EXERCISE –
Print the data below exactly, but only the lines from the one containing "So I haven't" down to the one containing "The second method", inclusive.

RECORDS –
#####

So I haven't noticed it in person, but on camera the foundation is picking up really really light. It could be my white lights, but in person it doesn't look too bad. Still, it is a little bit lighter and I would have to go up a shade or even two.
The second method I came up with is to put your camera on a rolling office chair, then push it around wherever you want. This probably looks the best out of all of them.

#####

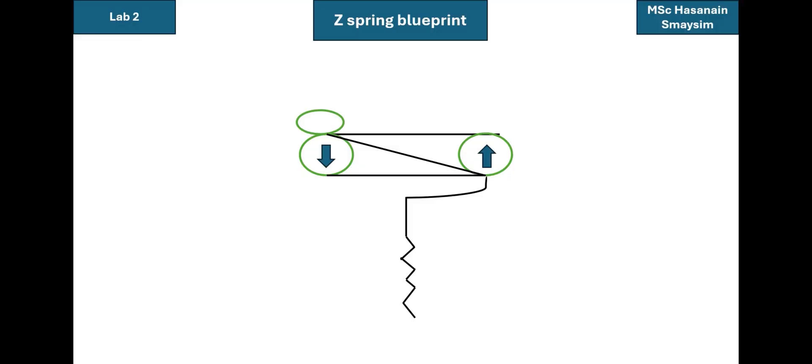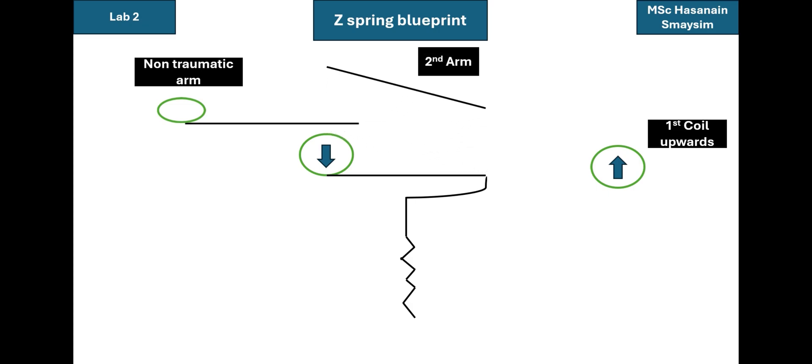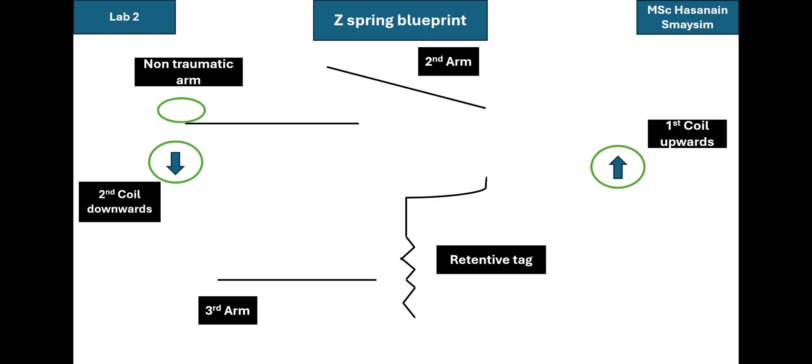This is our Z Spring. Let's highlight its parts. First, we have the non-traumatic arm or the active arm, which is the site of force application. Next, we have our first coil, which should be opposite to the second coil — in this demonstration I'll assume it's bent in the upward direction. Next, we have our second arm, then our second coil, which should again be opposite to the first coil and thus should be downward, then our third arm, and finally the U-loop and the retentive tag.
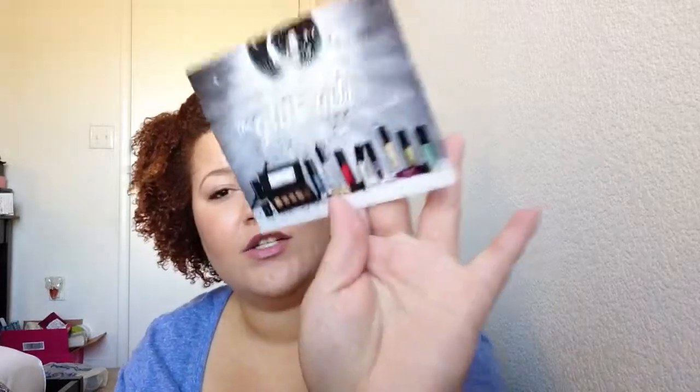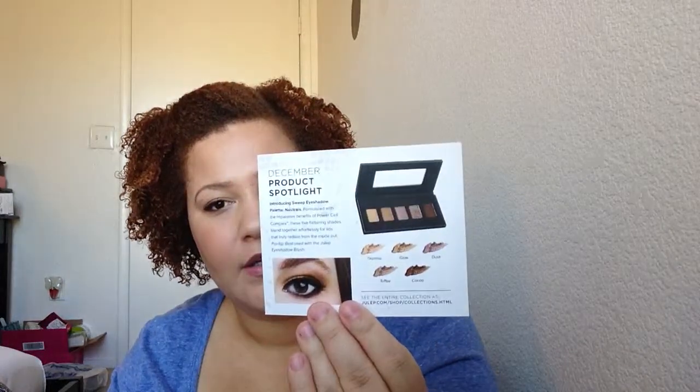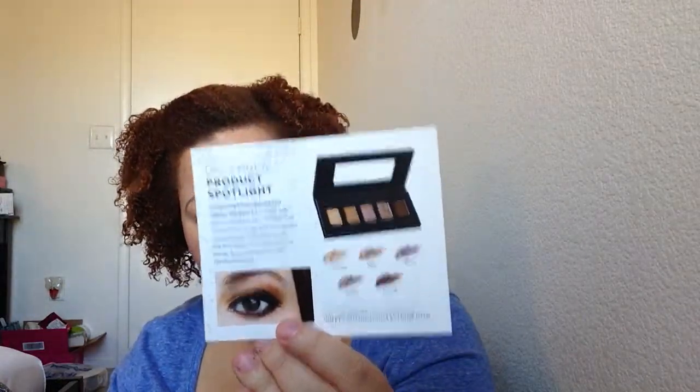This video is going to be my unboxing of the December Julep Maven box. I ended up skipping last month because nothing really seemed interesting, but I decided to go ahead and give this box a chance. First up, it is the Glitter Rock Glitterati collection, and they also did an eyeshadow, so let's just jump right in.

#####

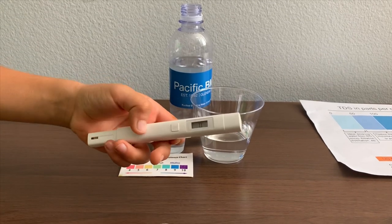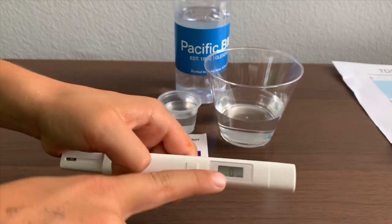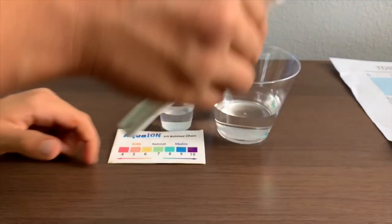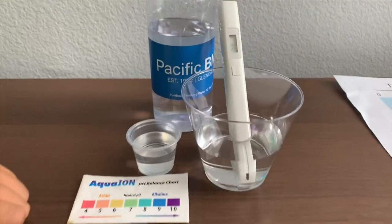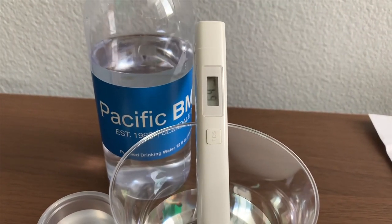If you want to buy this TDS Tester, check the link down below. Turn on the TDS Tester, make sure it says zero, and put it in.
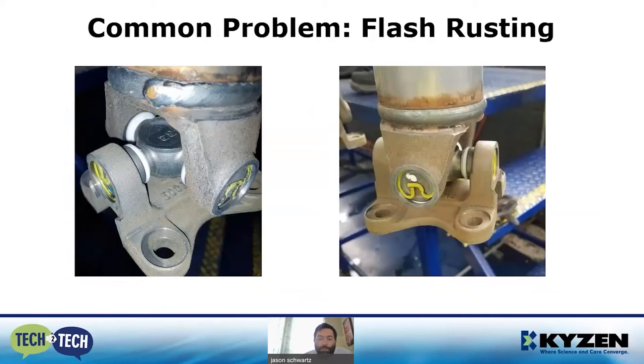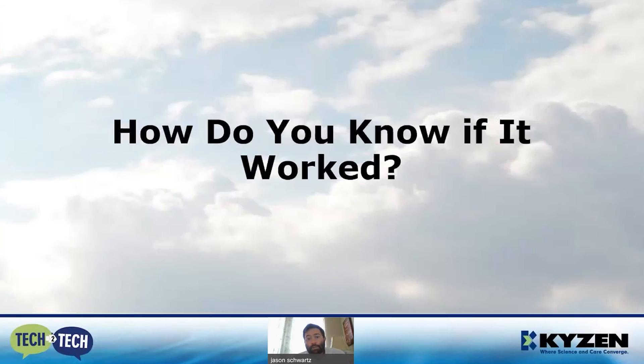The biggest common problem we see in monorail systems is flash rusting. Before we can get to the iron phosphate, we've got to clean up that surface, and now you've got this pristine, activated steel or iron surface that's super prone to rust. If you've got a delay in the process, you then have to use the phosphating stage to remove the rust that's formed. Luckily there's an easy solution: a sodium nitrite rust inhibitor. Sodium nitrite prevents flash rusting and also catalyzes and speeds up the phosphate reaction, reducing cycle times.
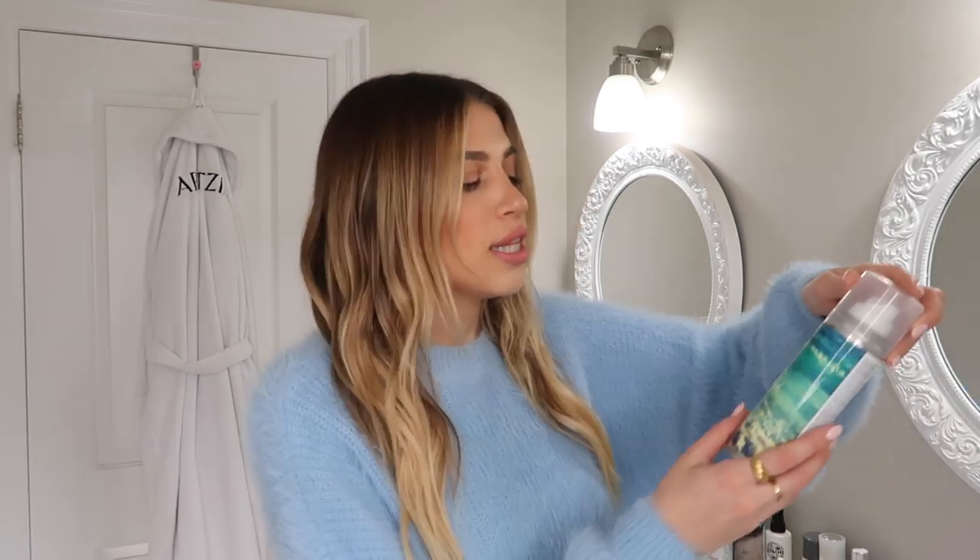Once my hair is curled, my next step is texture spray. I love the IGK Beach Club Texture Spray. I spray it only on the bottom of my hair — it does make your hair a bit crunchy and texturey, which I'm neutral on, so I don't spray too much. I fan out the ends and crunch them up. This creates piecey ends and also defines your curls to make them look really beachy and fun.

#####

ANSWER AREA –
So I haven't noticed it in person, but on camera the foundation is picking up really really light. It could be my white lights, but in person it doesn't look too bad. Still, it is a little bit lighter and I would have to go up a shade or even two.
The second method I came up with is to put your camera on a rolling office chair, then push it around wherever you want. This probably looks the best out of all of them.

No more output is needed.